I have always been a good student, and I may be an even better teacher, but I have never liked school, in the social sense, and so my choosing to work in the academic system might be a bad fit. Once upon a time I had grand ideas of publishing and all that, but then I saw what it does to one's ego, and what one has to do to sell oneself, and I decided that being a really good teacher and maintaining a mediocre blog is happiness enough for me.
Still, hearing about the upcoming cuts at the University of New Orleans, and knowing that my being hired so recently (and for teaching lowly comp classes, at that) and not having published puts my job in jeopardy, I get edgy and realize that if I want this career, I'm going to have to do a whole lot that I don't want to do. Like attend really really log faculty meetings where tenured faculty say things and ask questions designed to disparage us lowly instructors.
Such was the scene yesterday at the Liberal Arts faculty meeting at UNO. I'd known about the meeting, but had forgotten, but my office-mate and friend Matt told me that it would behoove me to go. "They don't take attendance," he assured me, "but they notice who goes." So, in the interest of keeping my job, I went.

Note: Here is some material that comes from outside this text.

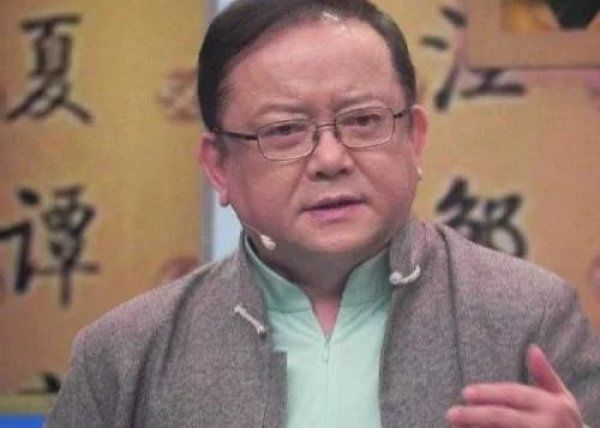 王刚|当初王刚砸碎别人2亿古董,被告法庭赔了多少说出来你可能不信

The meetings are held in a very large lecture room with stadium seating. One of the casualties of the storm has been janitorial services and apparently a key to the boiler room, so like the classroom I teach in, this one was strewn with candy wrappers, balled-up paper, and coke spills. It was hot, and extraordinarily stuffy, and the projector screen had been pulled down to conceal the missing bottom portion of the wall. Ah, the halls of the academy.
We'd heard that this would be The Meeting where they told us about the University's future, and the Chancellor was scheduled to arrive at 1:00. The dean of Liberal Arts thanked us all for teaching online in the fall, for continuing to do so while the school restructures its course offerings, and commented on the lack of housing for displace students and faculty.
There are two large FEMA trailer parks on campus--one on the Quad next to the student union, and one in the parking lot by the London Canal. Neither park has inhabitants, but both are guarded by someone in an SUV with tinted windows. The trailers were promised by November and then December and then January and most recently February, but nothing has changed. Not a single trailer has been hooked up to power or water sources. And no one knows when they will be. "I don't believe a word FEMA says," Dean Krantz told us. And we all nodded, knowingly. It is exhausting, this fatalism. It feels awful not to matter to the powers that be, and to know it. This is what that feels like. I now know.
But the trailers evidently cost an average of $35,000 EACH just to hook up. And the state has to pay 10% of that back. And we are a state-run school, as is LSU, who has been lobbying hard to get more money while we are "down." It has always been this way. LSU wants to be a flagship University. It wants UNO to fail. But to lobby for money in these times (in these times!)--blatant greed, the Chancellor called it. So LSU is lobbying against us and we are lobbying to get help and the state is hedging its bets and wouldn't it be better to just let us flounder so they don't have to pay back these ridiculous fees? Isn't that what is important--the money? I mean, screw having a research University in New Orleans. Screw 'em all, right? Survival of the f-ing fittest. God, it makes me sick.
So chancellor O'Brien arrives, and he is NOT my favorite dude. He's a business man, after all, and he's responsible for the ridiculous over-investment in UNO's business program (and, surely, for the inflatables at every UNO gathering,) but he is a good dude to have on our side right now. He seemed genuinely angry and genuinely worried for us and as if he genuinely cared that many of us will be losing our jobs soon.
The timetable is one month. Over the next month the University will do what Tulane did--it will restructure, cutting out certain programs and firing where needed. I think my job is as safe as they come--they'll always need comp teachers--but only if the enrollment numbers come up, and that is highly unlikely. Most of our students came direct from New Orleans Public Schools, and with no graduates this year and at least half of those students gone, who will come to UNO? So event though comp is a safe place, it's still likely, I learned, that I will be out a job come summer.
O'Brien kept saying, "waste and frustration" when he referred to The System, to trying to get money from the Feds. And I think a lot of folks probably read about New Orleans right now and think that we are a waste, that we should be frustrated, that we should take care of our damn selves. Well, as our Dean said yesterday, we simply have to stop acting like what happened to New Orleans was inevitable. It was not the hurricane that hit us, it was the flood, and the flood was a man-made disaster caused by years of waste on the behalf of the federal government. I grind my teeth when I think hard about it, and then I have to stop because I need to keep my head focused on the daily.
And that's what I will keep doing: I will be a damn good teacher, and maybe a better girlfriend, and I will take my evening walk past the hooting contractors and the piles of debris, and I will ramble on this blog because it is good for me, and I will take pictures of the things that just don't make sense.